§ **Raw data**
═══

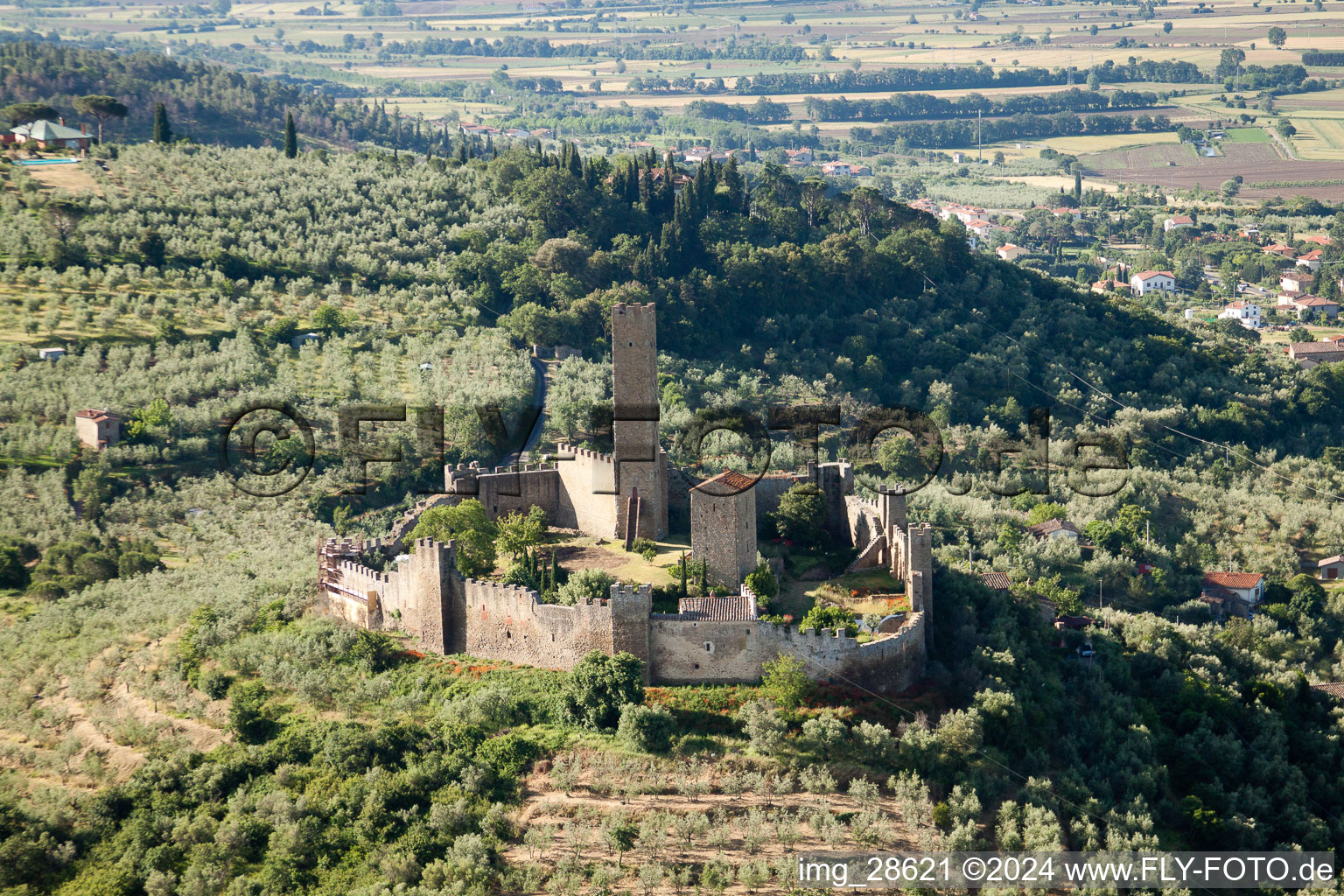 Vue aérienne de Pergognano dans le département Toscane, Italie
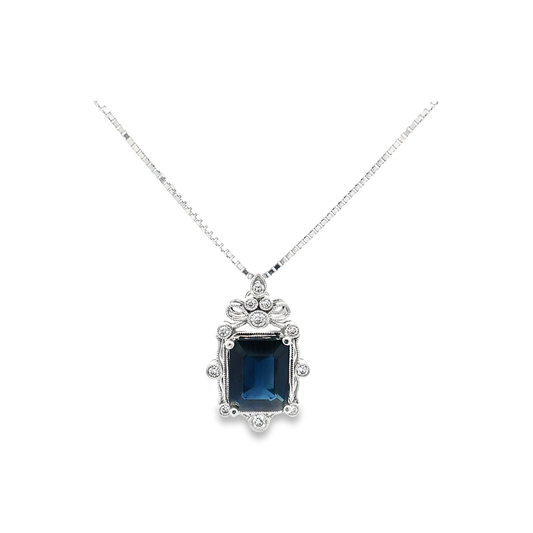 White Gold Sapphire & Diamond Necklace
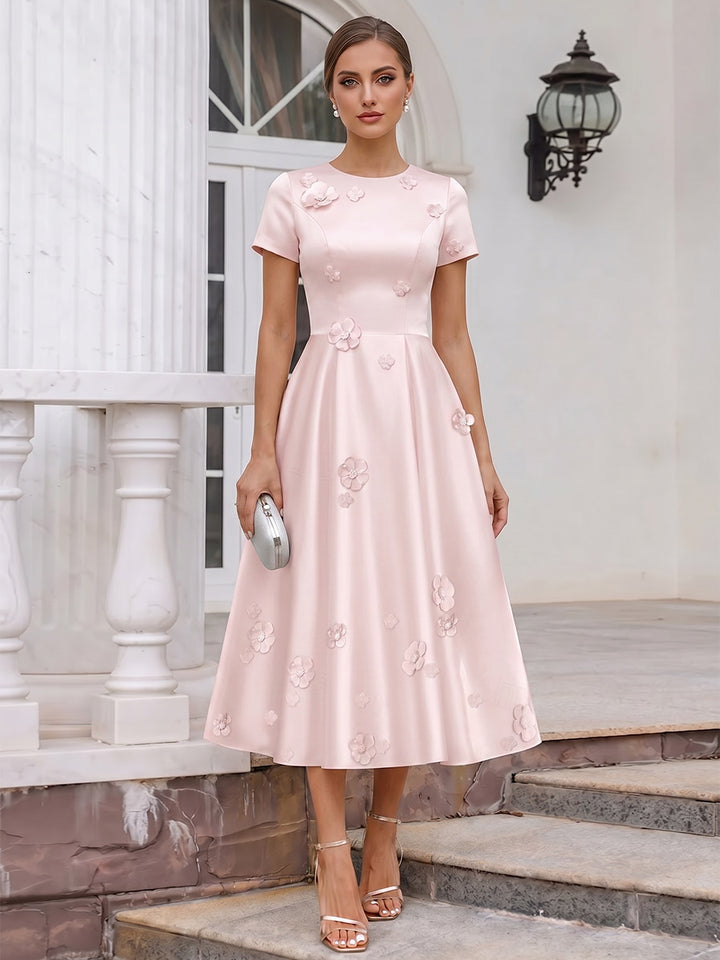 A-Line/Princess Scoop Short Sleeves Tea-Length Cocktail Dresses With 3D Floral &amp; Pleats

═══

§ **Work to complete**
Print each line above exactly as it appears, excluding all images.

§ **Result of this exercise**
 Vue aérienne de Pergognano dans le département Toscane, Italie
 White Gold Sapphire & Diamond Necklace
 A-Line/Princess Scoop Short Sleeves Tea-Length Cocktail Dresses With 3D Floral &amp; Pleats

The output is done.